The overnight rain was heavy and sporadically intense, washing moss and leaves from the roof, blocking the gutters and causing them to noisily overflow. By early morning the pasture across the valley, already saturated from previous rainfall, showed streaks of surface water that gathered into temporary pools at the base of the slope.
When the rain clouds eventually moved away towards the east, the unexpected warmth of the day made the air humid and heavy. A dull haze lingered over the hills, darkened in places by sharply localised showers. In the stream at the side of the lane, dark water sluiced between fronds of bracken and overgrown briar as it headed towards the river.
A single track road leads across the hillside and down into the valley of the Afon Rheidol. Drifts of beech mast, from the mature trees that form a canopy above the route, littered the surface, swept by the passage of occasional vehicles into a central line. Sudden sunshine illuminated the leaf fall from previous seasons where it lay by the roadside; shoots of ivy, vividly green against the dead leaves, had reached out from the hedge bank and begun to grow across this new habitat.
I leaned on a gate and looked eastward towards Capel Bangor. Across the flood plain, the pasture still bright and growing in the warm weather, the river was marked by the trees and scrubland along its banks. Here and there, oxbow lakes of dark standing water show where it has changed its path and cut off sections of a previous course, mapping out the cyclical history of erosion and deposition in the catchment.

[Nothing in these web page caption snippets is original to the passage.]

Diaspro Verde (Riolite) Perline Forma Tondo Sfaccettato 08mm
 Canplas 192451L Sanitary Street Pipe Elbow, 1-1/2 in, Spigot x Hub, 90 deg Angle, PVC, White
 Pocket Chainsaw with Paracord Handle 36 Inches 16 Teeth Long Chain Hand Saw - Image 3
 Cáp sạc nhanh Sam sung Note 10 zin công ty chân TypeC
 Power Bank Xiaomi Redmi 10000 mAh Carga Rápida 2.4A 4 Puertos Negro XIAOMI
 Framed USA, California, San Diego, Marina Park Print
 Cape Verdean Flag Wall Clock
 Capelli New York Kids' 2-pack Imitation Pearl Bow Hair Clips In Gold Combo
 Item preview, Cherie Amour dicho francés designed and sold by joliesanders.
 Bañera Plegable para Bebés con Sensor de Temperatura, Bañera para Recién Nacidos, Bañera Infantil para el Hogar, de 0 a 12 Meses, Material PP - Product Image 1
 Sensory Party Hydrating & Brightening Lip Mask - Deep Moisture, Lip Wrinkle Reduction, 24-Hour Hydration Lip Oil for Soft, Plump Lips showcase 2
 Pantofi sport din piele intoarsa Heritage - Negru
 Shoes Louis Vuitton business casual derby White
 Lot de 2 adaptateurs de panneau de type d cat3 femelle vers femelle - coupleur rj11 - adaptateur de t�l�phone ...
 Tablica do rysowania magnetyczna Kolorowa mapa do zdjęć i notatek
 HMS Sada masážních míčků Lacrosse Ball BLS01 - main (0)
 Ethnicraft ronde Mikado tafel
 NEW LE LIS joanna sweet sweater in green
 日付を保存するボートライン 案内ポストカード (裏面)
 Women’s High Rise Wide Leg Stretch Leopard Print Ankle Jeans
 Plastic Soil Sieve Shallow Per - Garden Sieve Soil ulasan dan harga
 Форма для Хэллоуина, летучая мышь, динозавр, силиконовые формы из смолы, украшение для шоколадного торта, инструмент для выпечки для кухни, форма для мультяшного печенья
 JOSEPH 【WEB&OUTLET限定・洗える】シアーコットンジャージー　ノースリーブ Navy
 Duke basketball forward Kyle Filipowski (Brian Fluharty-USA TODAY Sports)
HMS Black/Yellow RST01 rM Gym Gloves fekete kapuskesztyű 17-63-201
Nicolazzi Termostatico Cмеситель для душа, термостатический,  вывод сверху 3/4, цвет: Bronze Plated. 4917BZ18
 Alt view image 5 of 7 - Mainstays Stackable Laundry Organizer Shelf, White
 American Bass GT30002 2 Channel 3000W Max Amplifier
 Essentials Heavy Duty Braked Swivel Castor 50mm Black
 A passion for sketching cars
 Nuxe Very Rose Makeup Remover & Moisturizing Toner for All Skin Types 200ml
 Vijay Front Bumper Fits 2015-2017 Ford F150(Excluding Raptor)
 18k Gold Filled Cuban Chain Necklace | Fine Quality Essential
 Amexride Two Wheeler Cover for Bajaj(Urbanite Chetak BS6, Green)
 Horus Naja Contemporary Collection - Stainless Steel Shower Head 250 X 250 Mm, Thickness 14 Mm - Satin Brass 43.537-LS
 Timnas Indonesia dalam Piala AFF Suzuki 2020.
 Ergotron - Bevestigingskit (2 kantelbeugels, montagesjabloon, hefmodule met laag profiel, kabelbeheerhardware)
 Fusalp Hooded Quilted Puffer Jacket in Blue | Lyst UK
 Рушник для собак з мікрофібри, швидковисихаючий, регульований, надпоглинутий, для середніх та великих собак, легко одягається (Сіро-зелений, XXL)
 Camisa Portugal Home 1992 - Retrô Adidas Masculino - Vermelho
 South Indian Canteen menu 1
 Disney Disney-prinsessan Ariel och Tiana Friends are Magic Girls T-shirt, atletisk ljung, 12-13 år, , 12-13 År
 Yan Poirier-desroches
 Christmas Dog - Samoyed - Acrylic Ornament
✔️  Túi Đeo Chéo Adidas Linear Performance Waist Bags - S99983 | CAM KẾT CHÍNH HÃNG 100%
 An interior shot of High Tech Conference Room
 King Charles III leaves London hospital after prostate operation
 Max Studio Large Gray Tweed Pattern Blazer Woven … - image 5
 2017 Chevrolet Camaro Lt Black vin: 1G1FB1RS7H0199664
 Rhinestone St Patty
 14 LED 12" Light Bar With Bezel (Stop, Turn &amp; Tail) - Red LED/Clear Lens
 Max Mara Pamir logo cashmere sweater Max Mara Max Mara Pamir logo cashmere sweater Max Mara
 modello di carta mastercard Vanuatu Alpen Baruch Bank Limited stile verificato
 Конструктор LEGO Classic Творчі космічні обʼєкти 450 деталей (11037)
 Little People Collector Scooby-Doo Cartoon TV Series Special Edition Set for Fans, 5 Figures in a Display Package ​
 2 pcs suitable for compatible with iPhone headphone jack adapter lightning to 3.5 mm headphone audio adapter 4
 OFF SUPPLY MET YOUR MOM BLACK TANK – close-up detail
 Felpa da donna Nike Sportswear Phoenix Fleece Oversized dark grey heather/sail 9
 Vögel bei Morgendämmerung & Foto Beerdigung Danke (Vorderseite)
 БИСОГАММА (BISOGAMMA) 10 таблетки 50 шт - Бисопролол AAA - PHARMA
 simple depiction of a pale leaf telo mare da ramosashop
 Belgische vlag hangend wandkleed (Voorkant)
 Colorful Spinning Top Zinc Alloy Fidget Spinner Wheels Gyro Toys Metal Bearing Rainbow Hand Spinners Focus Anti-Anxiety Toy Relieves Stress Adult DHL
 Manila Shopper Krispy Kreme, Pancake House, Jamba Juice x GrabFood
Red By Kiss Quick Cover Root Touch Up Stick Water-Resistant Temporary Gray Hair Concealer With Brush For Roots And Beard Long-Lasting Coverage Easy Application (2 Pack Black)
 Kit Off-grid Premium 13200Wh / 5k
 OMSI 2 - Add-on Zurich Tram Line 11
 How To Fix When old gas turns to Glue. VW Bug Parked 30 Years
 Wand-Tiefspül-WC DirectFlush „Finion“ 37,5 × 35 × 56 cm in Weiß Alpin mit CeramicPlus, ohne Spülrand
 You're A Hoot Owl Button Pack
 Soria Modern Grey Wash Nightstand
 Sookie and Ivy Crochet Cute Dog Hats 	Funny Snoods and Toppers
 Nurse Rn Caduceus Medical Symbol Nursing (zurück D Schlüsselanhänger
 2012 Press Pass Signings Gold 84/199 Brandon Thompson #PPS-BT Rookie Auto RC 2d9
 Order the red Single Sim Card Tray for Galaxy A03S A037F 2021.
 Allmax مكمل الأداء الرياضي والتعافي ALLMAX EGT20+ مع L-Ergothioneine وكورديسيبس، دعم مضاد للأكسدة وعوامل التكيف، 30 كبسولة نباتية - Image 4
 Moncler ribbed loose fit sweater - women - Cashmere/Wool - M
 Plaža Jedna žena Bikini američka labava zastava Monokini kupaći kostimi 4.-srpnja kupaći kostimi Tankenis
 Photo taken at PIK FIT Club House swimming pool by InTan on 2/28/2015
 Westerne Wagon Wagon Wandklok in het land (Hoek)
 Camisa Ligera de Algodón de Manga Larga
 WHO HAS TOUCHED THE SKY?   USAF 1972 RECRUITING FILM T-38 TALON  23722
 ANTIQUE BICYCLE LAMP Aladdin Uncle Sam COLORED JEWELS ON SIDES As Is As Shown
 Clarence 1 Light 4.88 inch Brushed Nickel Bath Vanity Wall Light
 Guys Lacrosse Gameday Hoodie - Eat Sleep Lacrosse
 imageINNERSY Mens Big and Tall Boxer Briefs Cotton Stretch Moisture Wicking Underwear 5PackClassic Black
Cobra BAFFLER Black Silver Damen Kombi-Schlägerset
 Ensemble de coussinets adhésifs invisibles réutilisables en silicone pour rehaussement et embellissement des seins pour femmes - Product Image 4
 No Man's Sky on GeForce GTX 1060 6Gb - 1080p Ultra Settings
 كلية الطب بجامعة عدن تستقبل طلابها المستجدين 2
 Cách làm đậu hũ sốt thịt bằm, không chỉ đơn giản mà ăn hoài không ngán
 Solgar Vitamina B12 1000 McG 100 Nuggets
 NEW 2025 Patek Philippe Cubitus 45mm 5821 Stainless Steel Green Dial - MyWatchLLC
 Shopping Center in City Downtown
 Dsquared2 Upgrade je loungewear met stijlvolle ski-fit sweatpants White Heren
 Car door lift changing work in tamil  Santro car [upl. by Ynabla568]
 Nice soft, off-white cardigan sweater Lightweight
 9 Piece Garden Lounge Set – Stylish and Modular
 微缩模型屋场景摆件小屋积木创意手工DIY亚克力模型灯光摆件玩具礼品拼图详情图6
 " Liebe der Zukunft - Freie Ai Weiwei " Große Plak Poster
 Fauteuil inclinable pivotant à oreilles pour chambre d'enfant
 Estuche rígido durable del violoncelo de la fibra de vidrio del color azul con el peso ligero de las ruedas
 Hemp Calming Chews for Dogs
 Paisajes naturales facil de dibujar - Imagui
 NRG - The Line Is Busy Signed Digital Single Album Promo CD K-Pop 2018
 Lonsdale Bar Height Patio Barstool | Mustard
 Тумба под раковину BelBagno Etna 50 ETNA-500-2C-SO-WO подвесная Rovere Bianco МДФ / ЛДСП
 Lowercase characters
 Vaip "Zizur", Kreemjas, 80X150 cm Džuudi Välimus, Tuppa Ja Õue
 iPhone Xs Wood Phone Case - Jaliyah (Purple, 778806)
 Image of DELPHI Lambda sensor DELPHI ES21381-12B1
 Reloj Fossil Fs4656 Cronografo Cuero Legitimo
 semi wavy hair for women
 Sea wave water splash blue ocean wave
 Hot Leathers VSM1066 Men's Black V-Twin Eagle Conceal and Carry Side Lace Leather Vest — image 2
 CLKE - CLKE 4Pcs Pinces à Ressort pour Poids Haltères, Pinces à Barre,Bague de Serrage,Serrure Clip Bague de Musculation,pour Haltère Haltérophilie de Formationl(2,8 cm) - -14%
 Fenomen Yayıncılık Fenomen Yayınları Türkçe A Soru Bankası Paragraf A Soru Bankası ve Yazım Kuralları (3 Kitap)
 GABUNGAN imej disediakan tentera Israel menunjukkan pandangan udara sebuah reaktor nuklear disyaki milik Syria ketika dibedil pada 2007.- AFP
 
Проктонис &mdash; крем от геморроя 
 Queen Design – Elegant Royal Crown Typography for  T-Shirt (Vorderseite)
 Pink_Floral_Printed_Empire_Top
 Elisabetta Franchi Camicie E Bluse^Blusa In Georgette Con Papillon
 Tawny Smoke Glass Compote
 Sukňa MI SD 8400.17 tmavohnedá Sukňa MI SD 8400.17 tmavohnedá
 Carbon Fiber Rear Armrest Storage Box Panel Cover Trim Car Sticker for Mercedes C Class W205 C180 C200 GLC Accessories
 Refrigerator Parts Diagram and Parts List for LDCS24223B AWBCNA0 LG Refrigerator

Along the south side of the valley, fast moving cloud swept shafts of sunlight across the slopes, the low angle of the afternoon sun making the hedgerow trees cast long shadows across the fields. As the light changed, different layers of the landscape fell into prominence, with each aspect given new, yet transient, emphasis. The light faded and the wind suddenly cooled, so I scrunched back up the lane, then took the oak-marked footpath between the fields towards home. The rain soon began again, of course, but at least I was rewarded with a rainbow.